My son was a member of the E.S.L.
*
class, as well. The class consisted of new students who came from several non-English-speaking countries. This was one of the amazing aspects of the United States, a country of immigrants. Even though the E.S.L. teacher, Mrs. Costantino, taught proper English words, my son learned English taboo words which were frequently used by American boys in the school sooner than he learned the lessons in the E.S.L. textbook. The worse the phrase was, the easier the new students seemed to pronounce it. My two sons exchanged the newly learned phrases including the accompanying gestures every day at home. I told them not to learn those bad words so eagerly, but I carefully listened to and memorized them. Especially when there were traffic jams, it was helpful for me to understand Americans who were yelling at each other. In other regular middle school classes, my son seemed to enjoy observing everything. It was pleasant for me to hear about it from him while we had supper together. During the first two months in the school, the eyes of my older son were opened to the worldâthe world outside of Japan.
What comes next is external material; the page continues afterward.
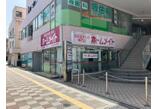 情報提供会社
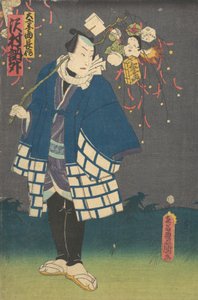 Tisk. od Utagawa Kunisada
From the first day, however, my younger son, Masahito, eight years old then, was in a situation that was different from his brothers. At 8:30
A.M.
, April 18th, 1985, in the office of School #3 he waited for his new homeroom teacher to come to pick him up. The secretary, Mrs. Makroulakis, kindly offered to take care of him and I left him there, looking as timid as if he were going to be kidnapped. Since we had just moved into our new home five days earlier, I was busy all day unpacking the many boxes we had sent from Japan. Before three o'clock, I went to pick him up at school. Many mothers were waiting at the gate for their children to come out of the school building. After a few minutes, I saw my son coming with a friendly lady who looked like a teacher. She was holding my son's hand. He looked tired and still nervous. I greeted the lady. She responded with
"Konnichiwa!,"
introduced herself as my son's homeroom teacher, and explained some rules of the school, school hours, how to order lunch, and so on. Her name was Mrs. Benedict, and she told me that my son said he didn't like American school. "However," she continued with her face beaming, "don't worry. Most of the new pupils say that in the beginning, but time opens their minds. Your son will be all right, too." I have forgotten what the weather was like that day, yet her sympathetic manner, like the warm sunlight of spring, certainly put me at ease. My son was in Mrs. Benedict's class for only two months until the school year ended in June. He, too, automatically became a member of the bilingual class as well as the E.S.L. class but couldn't explain what the classes were like as exactly as his older brother did.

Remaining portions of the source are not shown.